Mass Layoffs Trump Is Threatening in Shutdown Fight May Be Illegal

Mass Layoffs Trump Is Threatening in Shutdown Fight May Be Illegal

Reviewer: Tijesunimi

Guest editor from Northfield Mount Hermon School

February 04, 2026

News from: nyt   

  

Throughout the government shutdown, President Trump has repeatedly threatened mass federal layoffs, claiming they are necessary to keep essential services running. Yet budget experts, legal scholars, and union leaders argue the firings are unlawful and politically driven. They see Trump’s actions as an attempt to exploit the fiscal crisis to shrink the government, punish Democrats, and advance his broader agenda of reconfiguring the federal bureaucracy without congressional approval. Thousands of civil servants have already been dismissed under his reorganization efforts, prompting numerous legal challenges over presidential authority.
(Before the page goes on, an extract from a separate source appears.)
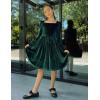 Arshiner Girls Dresses Velvet Square Neck Puff Long Sleeve Fall Winter Holiday Dress with Pockets(Green)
The White House, led by budget director Russell Vought, directed agencies to treat the shutdown as an “opportunity” to issue reduction-in-force notices for positions lacking funding or deemed inconsistent with Trump’s political goals. Unions immediately filed lawsuits, asserting that terminating employees during a funding lapse violates federal law and undermines statutory obligations that keep agencies such as the Department of Housing and Urban Development operational. Critics also condemned the administration for labeling layoff planning an “essential activity,” allowing certain officials to continue working during the shutdown.

Trump has framed the cuts as a fiscal necessity, but analysts across the political spectrum reject that claim. Under the Antideficiency Act, essential services can continue without layoffs, and no modern president has tied job eliminations to a funding lapse. By leveraging workers’ livelihoods as bargaining tools, Trump’s approach emphasizes his willingness to use administrative disruption for political gain, blurring the line between fiscal management and partisan maneuvering.